Edelweiss Connect GmbH, Hochbergerstrasse 60C, Technology Park Basel, Basel, Switzerland.
American Association for the Advancement of Science, Science & Technology Policy Fellow, USA; National Institutes of Health, Rockville, MD, USA.
Regul Toxicol Pharmacol. 2020 Jul;114:104652. doi: 10.1016/j.yrtph.2020.104652. Epub 2020 Apr 3.

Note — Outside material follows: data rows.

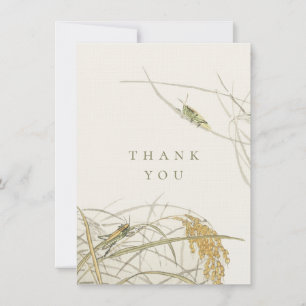 Remerciements Carte de remerciement pour Baby Shower Sauterelle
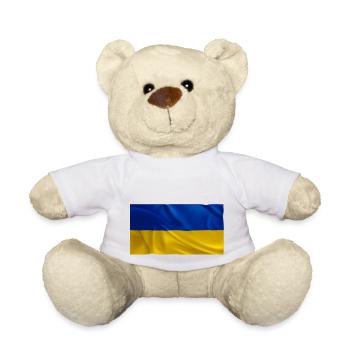 Ukraine - Teddy - Weiß - Vorne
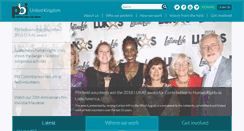 Desktop Screenshot of peacebrigades.org.uk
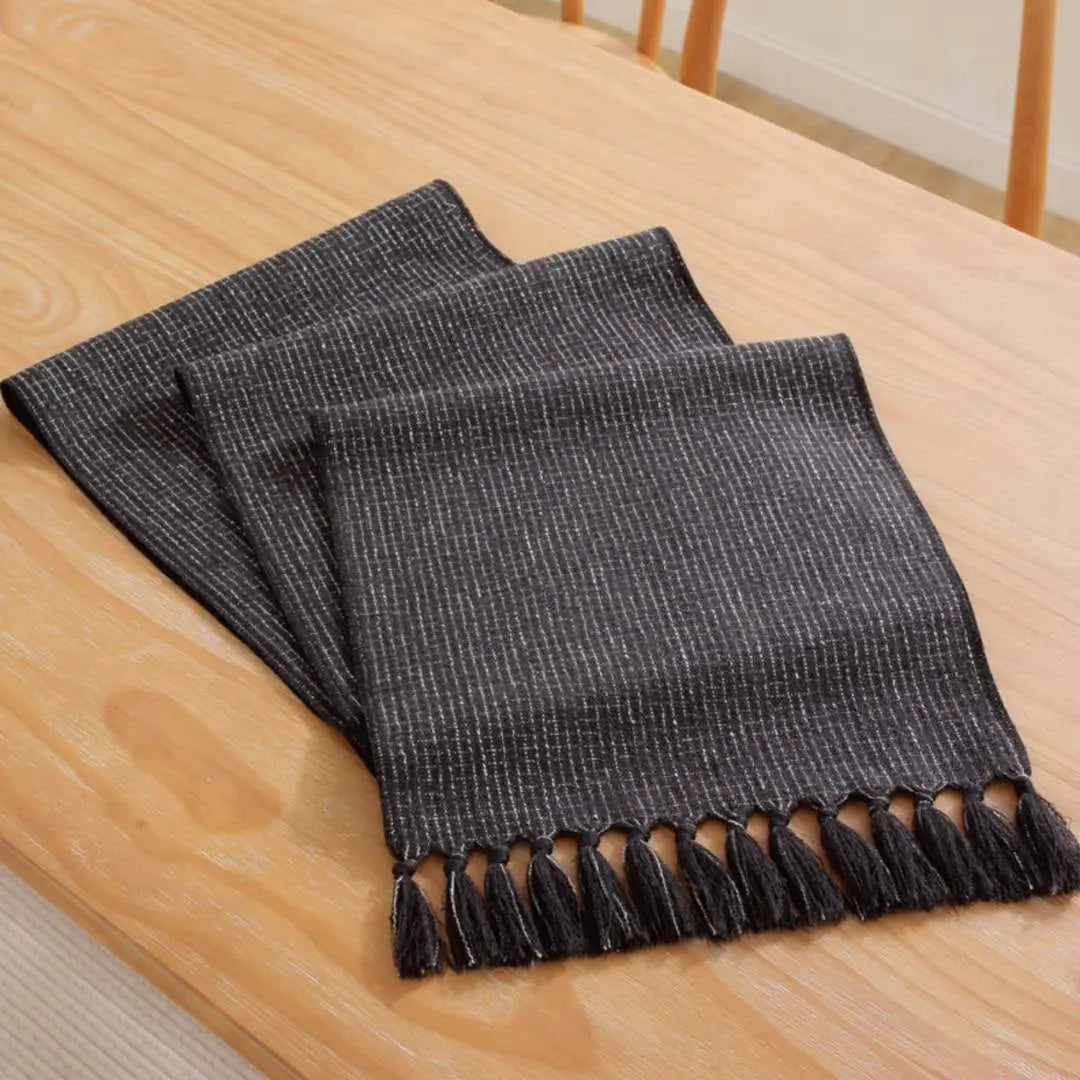 Ravlo Cotton Linen Table Runner-Speckled Space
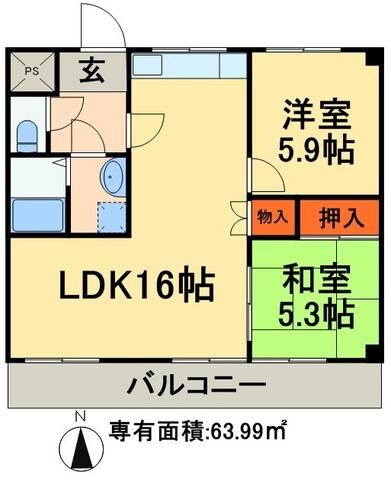 パークハイツの物件間取画像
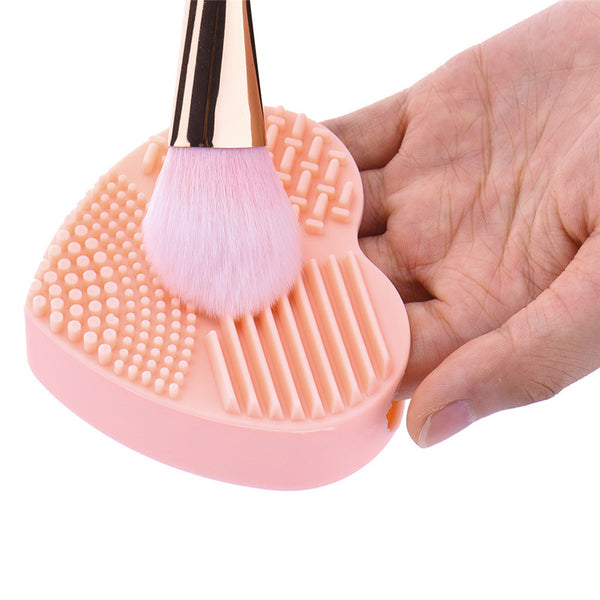 Colorful Heart Shape Clean Make up Brushes Wash Brush Silica Glove Scrubber Board Cosmetic Cleaning Tools for makeup brushes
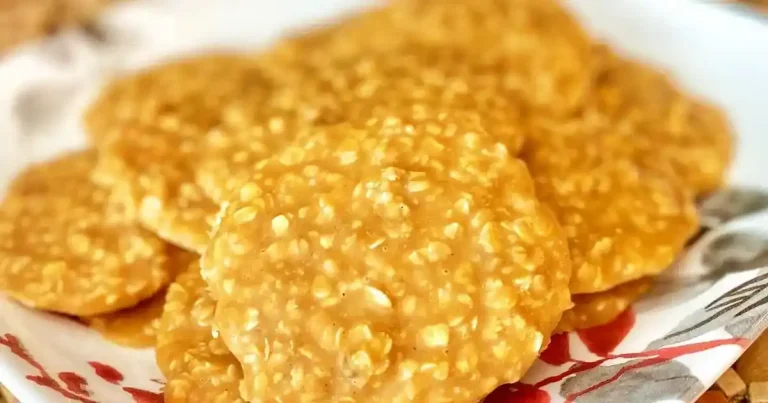 Foto da receita de Biscoitos Fáceis de Aveia com Manteiga de Amendoim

The utility of the Adverse Outcome Pathway (AOP) concept has been largely recognized by scientists, however, the AOP generation is still mainly done manually by screening through evidence and extracting probable associations. To accelerate this process and increase the reliability, we have developed an semi-automated workflow for AOP hypothesis generation. In brief, association mining methods were applied to high-throughput screening, gene expression, in vivo and disease data present in ToxCast and Comparative Toxicogenomics Database. This was supplemented by pathway mapping using Reactome to fill in gaps and identify events occurring at the cellular/tissue levels. Furthermore, in vivo data from TG-Gates was integrated to finally derive a gene, pathway, biochemical, histopathological and disease network from which specific disease sub-networks can be queried. To test the workflow, non-genotoxic-induced hepatocellular carcinoma (HCC) was selected as a case study. The implementation resulted in the identification of several non-genotoxic-specific HCC-connected genes belonging to cell proliferation, endoplasmic reticulum stress and early apoptosis. Biochemical findings revealed non-genotoxic-specific alkaline phosphatase increase. The explored non-genotoxic-specific histopathology was associated with early stages of hepatic steatosis, transforming into cirrhosis. This work illustrates the utility of computationally predicted constructs in supporting development by using pre-existing knowledge in a fast and unbiased manner.
不良结局途径(AOP)概念的实用性已被科学家广泛认可,然而,AOP 的产生仍然主要通过筛选证据和提取可能的关联来手动完成。为了加速这一过程并提高可靠性,我们开发了一种用于 AOP 假设生成的半自动化工作流程。简而言之,关联挖掘方法应用于高通量筛选、基因表达、ToxCast 和比较毒理学基因组数据库中的体内和疾病数据。这通过使用 Reactome 进行途径映射来补充,以填补细胞/组织水平发生的事件的空白。此外,还整合了来自 TG-Gates 的体内数据,最终从基因、途径、生化、组织病理学和疾病网络中得出特定疾病子网络,可以查询这些子网络。为了测试该工作流程,选择非遗传毒性诱导的肝细胞癌(HCC)作为案例研究。实施结果确定了几个属于细胞增殖、内质网应激和早期细胞凋亡的非遗传毒性特异性 HCC 相关基因。生化发现显示非遗传毒性特异性碱性磷酸酶增加。所探索的非遗传毒性特异性组织病理学与肝脂肪变性的早期阶段有关,然后发展为肝硬化。这项工作说明了通过以快速和无偏倚的方式使用现有知识来预测构建物在支持开发方面的实用性。